Each entry below is to be returned exactly, with any pictures left out.

• **EXERCISE MATERIALS**
┄┄┄┄┄┄

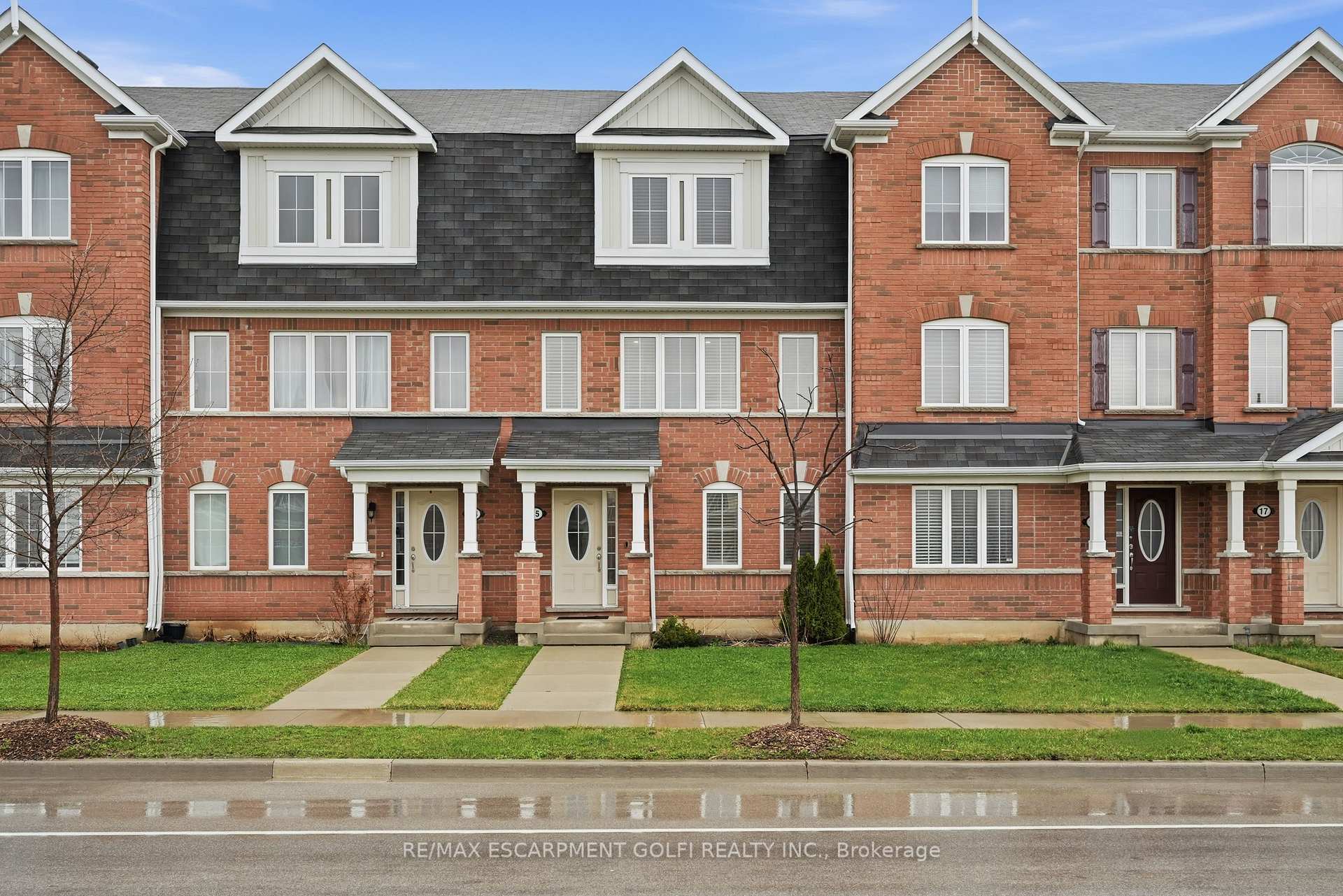 15 - 230 Avonsyde Boulevard Hamilton Ontario Canada Sale residential Svetlana Khmelyova HomeLife Professionals Realty Inc., Brokerage*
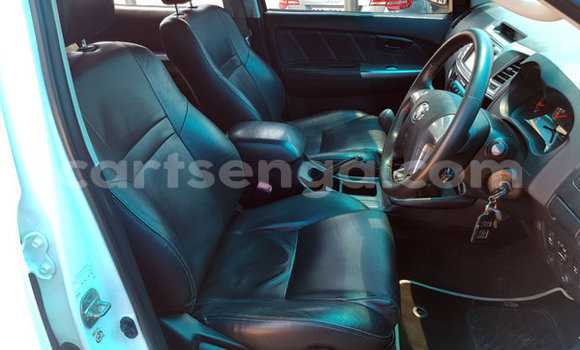 Nunua Ilio tumika Toyota Hilux White Gari ndani ya Ezulwini nchini Hhohho Nunua Ilio tumika Toyota Hilux White Gari ndani ya Ezulwini nchini Hhohho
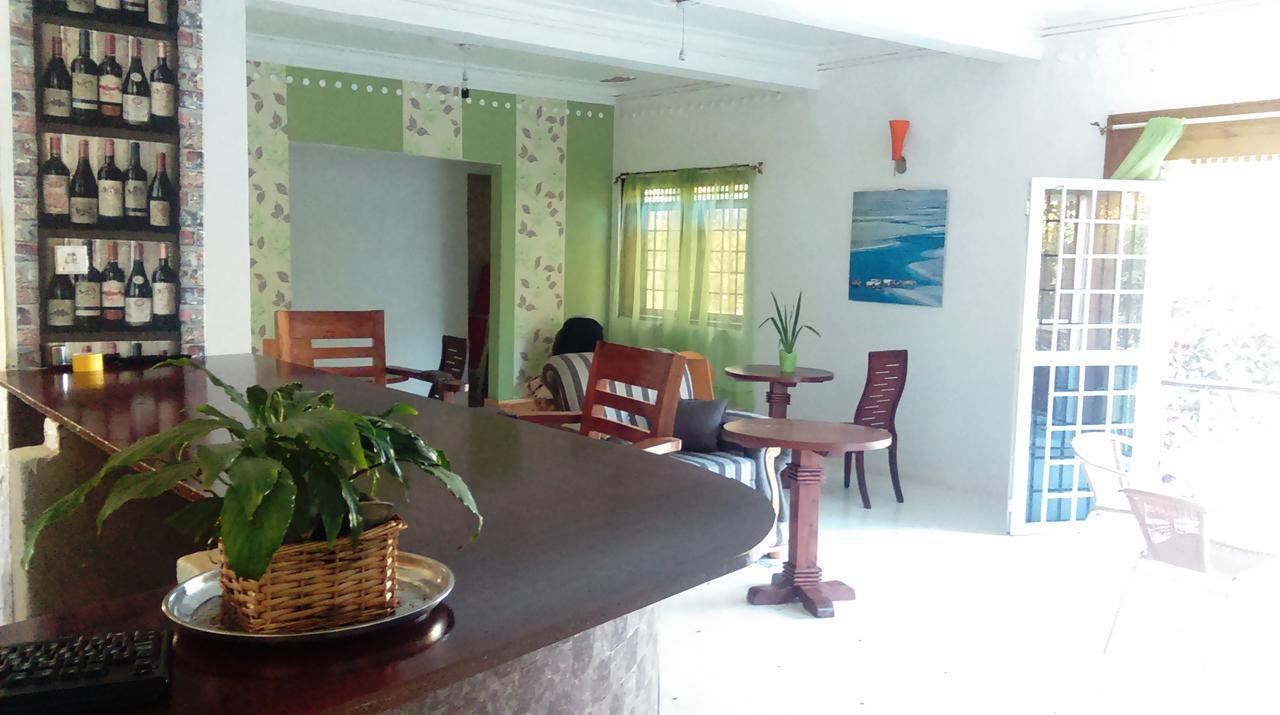 Motel Egg Botanical View Entebbe Exterior foto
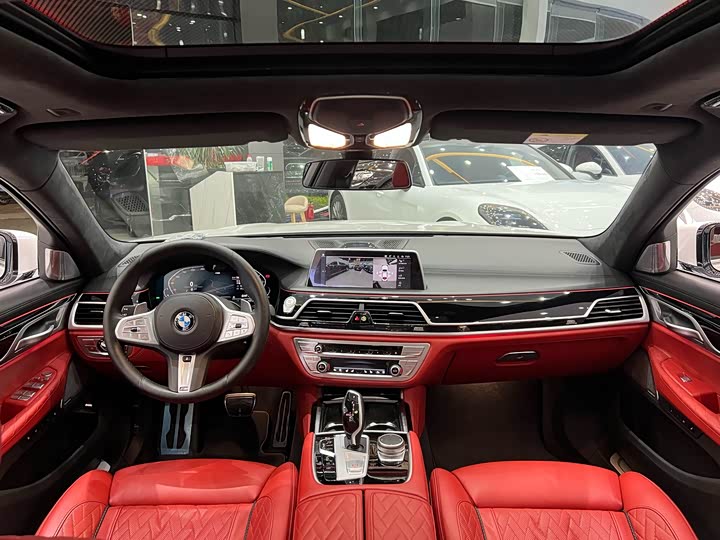 Фото 11 - BMW 7 Series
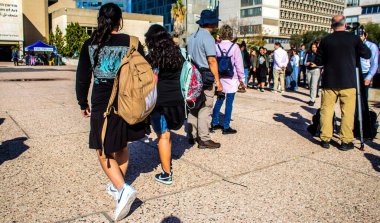 Tel Aviv, İsrail - 4 Ocak 2024 İsrailli gençler, şu anda Rehineler Meydanı olarak bilinen Tel Aviv Sanat Müzesi 'ne bir anma ziyareti için geldiler. Bugüne kadar 129 rehine Hamas 'ın elinde kaldı.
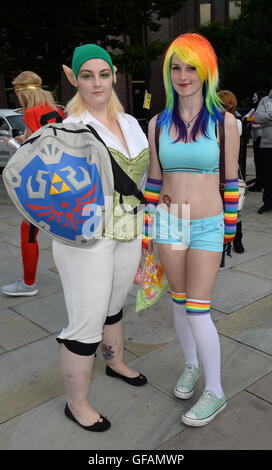 Manchester, UK. 30. Juli 2016. Gäste Ankunft in Manchester Central zum MCM Manchester Comic Con, Samstag, 30 Juli Manchester, Vereinigtes Königreich. Bildnachweis: Stephen Searle/Alamy Live-Nachrichten Stockfoto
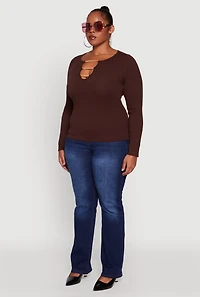 Womens Plus Size Rib Knit Metallic Chain Keyhole Neckline Top, Brown, Size 2X-3X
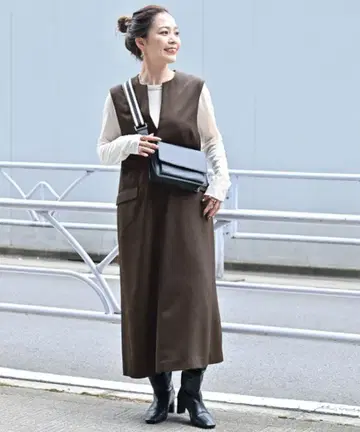 새상품급 simplicite V넥 오버롤 스커트 베이직 재고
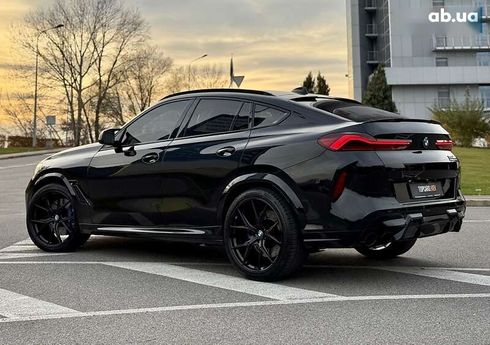 BMW X6 M 2022 - фото 8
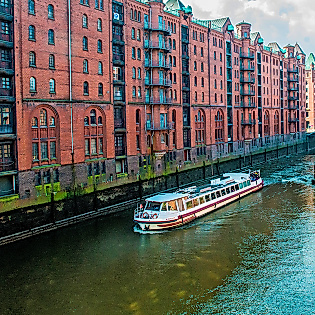 Harbour tour XXL Barkassen Meyer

┄┄┄┄┄┄

• **ANSWER FOR THE TASK**
 15 - 230 Avonsyde Boulevard Hamilton Ontario Canada Sale residential Svetlana Khmelyova HomeLife Professionals Realty Inc., Brokerage*
 Nunua Ilio tumika Toyota Hilux White Gari ndani ya Ezulwini nchini Hhohho Nunua Ilio tumika Toyota Hilux White Gari ndani ya Ezulwini nchini Hhohho
 Motel Egg Botanical View Entebbe Exterior foto
 Фото 11 - BMW 7 Series
 Tel Aviv, İsrail - 4 Ocak 2024 İsrailli gençler, şu anda Rehineler Meydanı olarak bilinen Tel Aviv Sanat Müzesi 'ne bir anma ziyareti için geldiler. Bugüne kadar 129 rehine Hamas 'ın elinde kaldı.
 Manchester, UK. 30. Juli 2016. Gäste Ankunft in Manchester Central zum MCM Manchester Comic Con, Samstag, 30 Juli Manchester, Vereinigtes Königreich. Bildnachweis: Stephen Searle/Alamy Live-Nachrichten Stockfoto
 Womens Plus Size Rib Knit Metallic Chain Keyhole Neckline Top, Brown, Size 2X-3X
 새상품급 simplicite V넥 오버롤 스커트 베이직 재고
 BMW X6 M 2022 - фото 8
 Harbour tour XXL Barkassen Meyer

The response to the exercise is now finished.